Oh, I have nothing against a delay, but I have systems that run loads of messages and it seems to work ok. For example attached is a graph of the queue. Fair enough this was only 5k messages, but phplist simply passes it on to qmail and qmail does the rest. Seems to work fine. The other graph shows a higher peak when 22k messages went out.

04-12-04 00:44

 

queue2.png (3,311 bytes)
queue2.png (3,311 bytes)

stephenrs

04-12-04 00:57

reporter   ~0002883

i'm using sendmail on my system, and maybe that's the problem (i know qmail is better for several reasons, i'm just too lazy...), but i guess the point is that it would be great if there was a way to spoon feed outbound messages, rather than rapid firing them, because you can't really predict what the condition of a particular host system will be.

michiel

04-12-04 01:08

manager   ~0002884

yes, but the problem is that you would want the ISP to control this and not the phplist user.
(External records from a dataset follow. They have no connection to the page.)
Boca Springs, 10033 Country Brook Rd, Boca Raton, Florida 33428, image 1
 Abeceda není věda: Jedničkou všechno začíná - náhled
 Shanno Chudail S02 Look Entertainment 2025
They wouldn't have a clue. And I have to set some sensible default which will be used by most inexperienced users. And then I get flooded with requests that sending is so slow, and what to do about it. I guess I need to get more of an ISP community going on the side, to get them involved. I can set it up as a value in the ISP wide config file that is used (/etc/phplist.conf). That would be the best way I think.

stephenrs

04-12-04 02:20

reporter   ~0002885

well, you're kinda right. i didn't mean to suggest that this should be an ISP thing, but I guess i'm a bit of an advanced user - i'm administering a server and a phplist installation for a client who deals with the actual list/user/message administration as a sub-admin. it's my job to make sure the system works seamlessly for them. so i guess i agree with you - i've been envisioning the delay as a param in the local config file (.../config/config.php), maybe in the "advanced features" section - or perhaps accessible from the super-admin interface.
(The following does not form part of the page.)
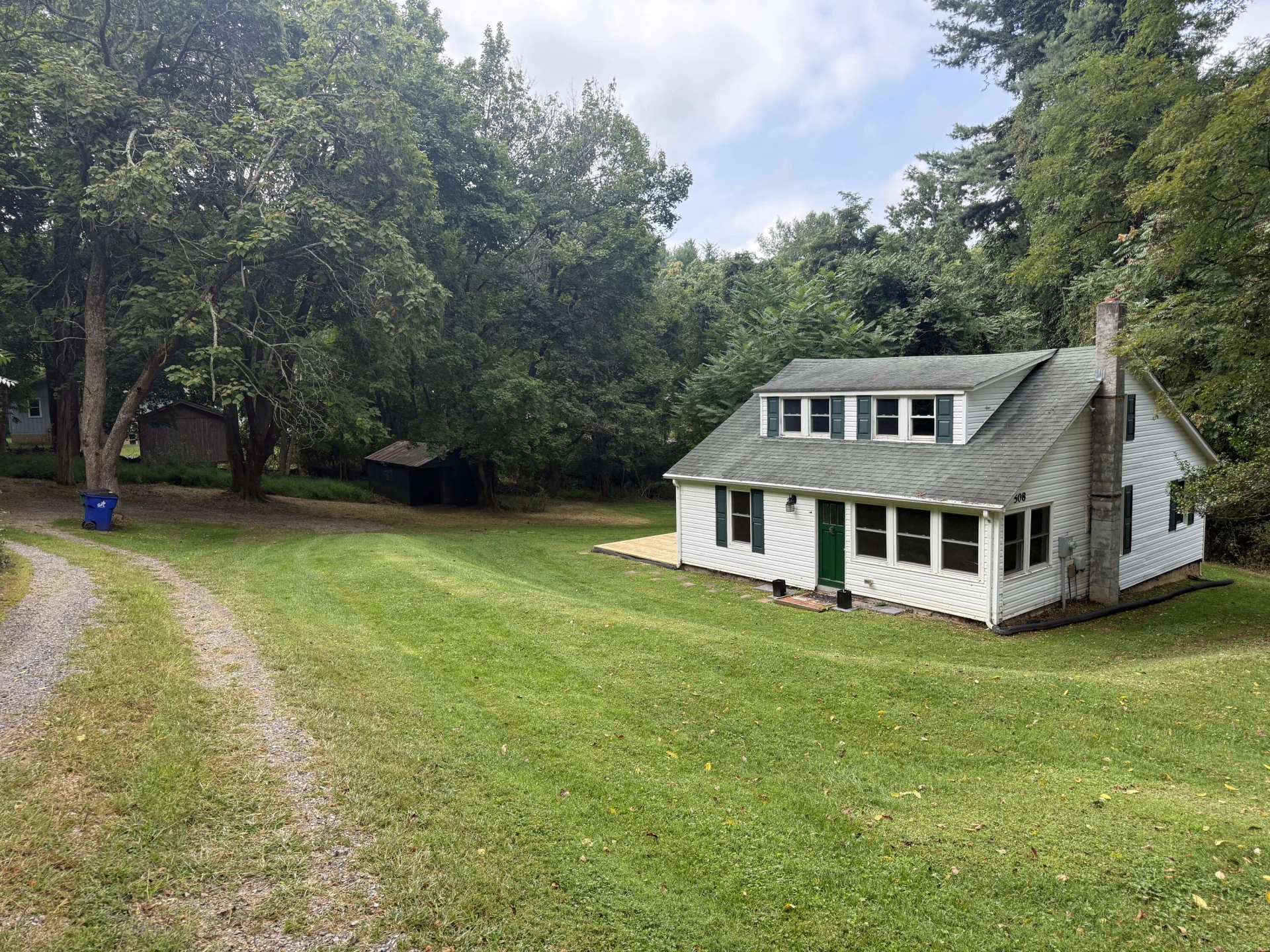 508 Piedmont ST - Photo 28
having it in a global /etc/phplist.conf would also be useful if i ended up setting up a separate phplist install for another client.

i actually prefer that ISPs place as few restrictions as possible on a system. i'm on a virtual private server with full root access, so it feels and behaves very much like a dedicated box.

the default delay value could be '0' to avoid slow-down problems on systems that don't need a delay.

michiel

06-12-04 10:04

manager   ~0002897

yes, the way you propose should be quite straightforward and I will mark this as todo. Thanks for discussing the issue so clearly.

michiel

23-02-05 01:38

manager   ~0003608

Throttling has now been added in two ways. A simple delay to be used and an "autothrottle" although I'm not sure the latter works ok, so it's experimental.